Back to Talks

Visual Pipelines for Text Analysis

Benjamin Bengfort District Data Labs

Audience level: Intermediate
Topic area: Modeling


Employing machine learning in practice is half search, half expertise, and half blind luck. In this talk we will explore how to make the luck half less blind by using visual pipelines to steer model selection from raw input to operational prediction. We will look specifically at extending transformer pipelines with visualizers for sentiment analysis and topic modeling text corpora.



As machine learning techniques have become increasingly important in applications and human decision making, the tools to train models have become increasingly simple to use at ever higher levels of abstraction. The good news is that it now takes relatively few lines of code to employ Scikit-Learn or Tensorflow across a variety of model families and forms; the bad news is that there are so many options it's difficult to evaluate the relative effectiveness of one model over another. And although model selection has been somewhat automated through standardized APIs, search, or even GUI-based applications, most practitioners will tell you that human intuition, domain expertise, and guidance is necessary to hone in on quality models.

So in a world of pipelines, grid search, and representational mysticism how can you effectively interpret fitted models or achieve better performance? Can we do better than cross-validation and a metric to select our models? In this talk, we propose that with visual pipelines implemented in a new Python library, Yellowbrick, the model selection process can be steered to more quickly achieve better performing and more understandable models. And as importantly, pipelines can be used to operationalize models from user input to application-specific predictions and inferences.
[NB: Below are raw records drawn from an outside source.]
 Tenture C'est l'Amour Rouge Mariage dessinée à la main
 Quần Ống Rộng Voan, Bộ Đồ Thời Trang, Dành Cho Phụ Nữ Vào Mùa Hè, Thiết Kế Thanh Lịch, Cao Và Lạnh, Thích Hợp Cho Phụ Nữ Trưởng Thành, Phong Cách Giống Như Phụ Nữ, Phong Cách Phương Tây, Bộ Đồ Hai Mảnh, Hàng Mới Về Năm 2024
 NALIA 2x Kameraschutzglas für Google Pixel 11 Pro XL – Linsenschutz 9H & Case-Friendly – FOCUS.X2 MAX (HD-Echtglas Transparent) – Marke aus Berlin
Yellowbrick extends the Scikit-Learn API with a new estimator, the Visualizer, an object that learns from data and presents it in a visual form. Yellowbrick visualizations can act as transformers, shedding light on high dimensional feature space as well as model evaluators, providing visual insight into how specific model families operate to make predictions. The API wraps matplotlib to create publication-ready figures, integrating seamlessly with the machine learning workflow.
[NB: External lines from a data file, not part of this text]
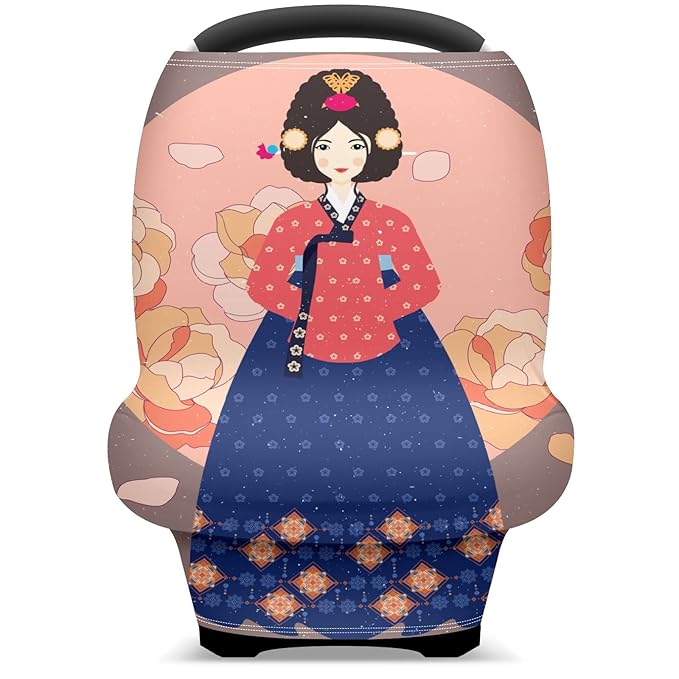 Baby Car Seat Stroller Covers Lady in Hanbok Traditional Korean Women Nursing Cover Breastfeeding Scarf Soft Breathable Stretchy Coverage Carseat Canopy Cover for Boys and Girls Multi Use Baby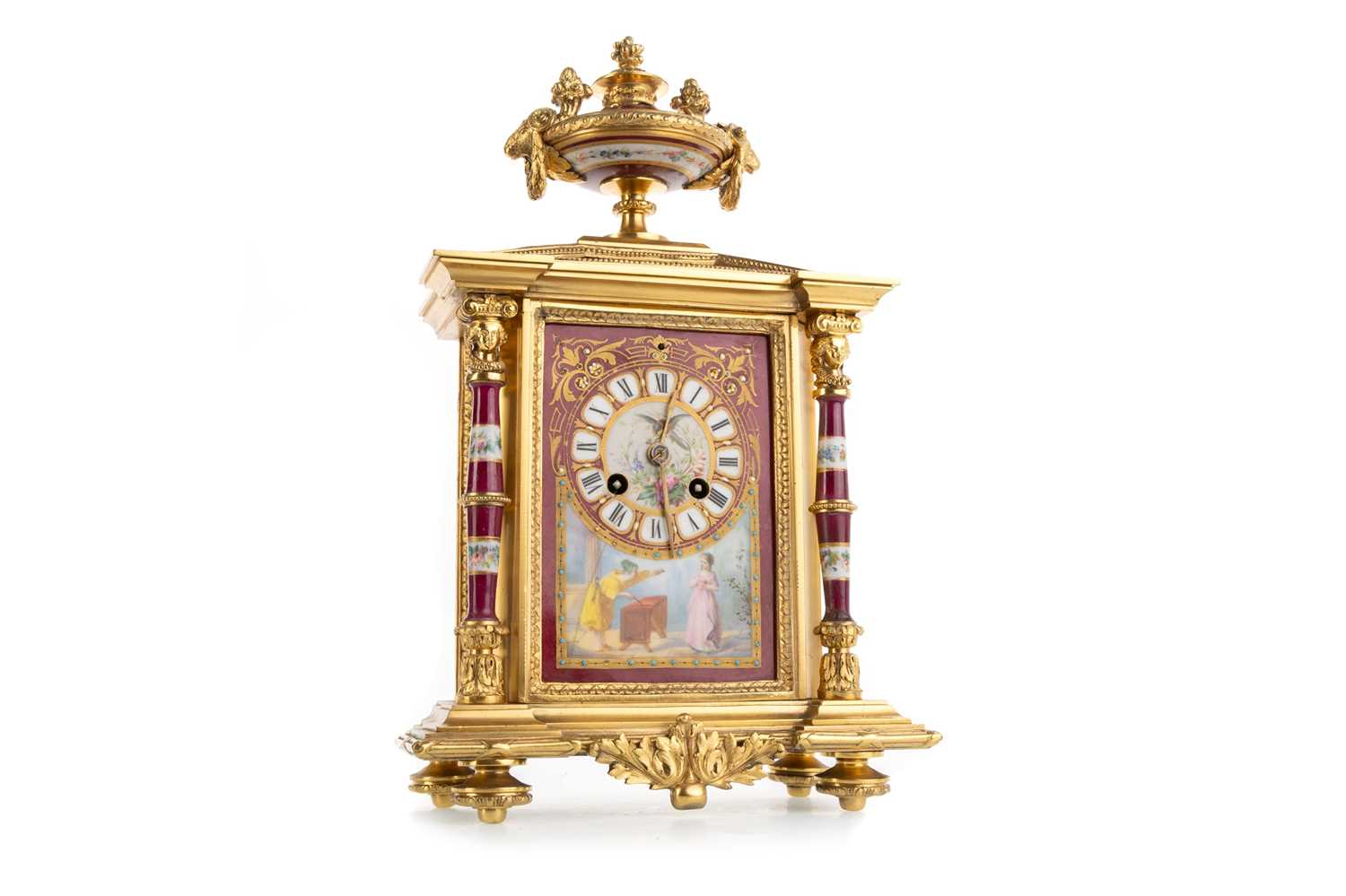 Lot 984 - FRENCH STYLE MANTEL CLOCK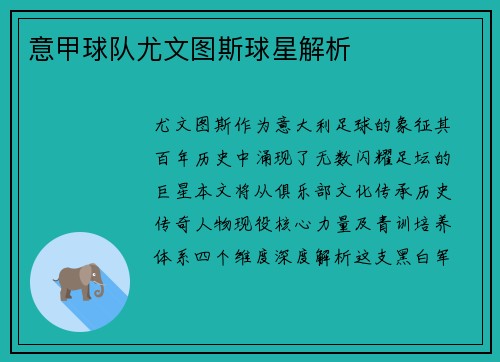 意甲球队尤文图斯球星解析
In this talk, we'll demonstrate how to create visual pipelines in a common machine learning application: sentiment analysis and topic modeling. We will show how transformer pipelines that go from raw input to prediction can be extended with model-specific visualization to improve text classification and clustering analysis and promote the interpretability of results. Our exploration will also allow us to more clearly understand model complexity and the bias/variance trade-off, as well as being able to detect model decay over time. Finally we will present some text-specific visualizers and explore how to create our own, model-specific visualizations.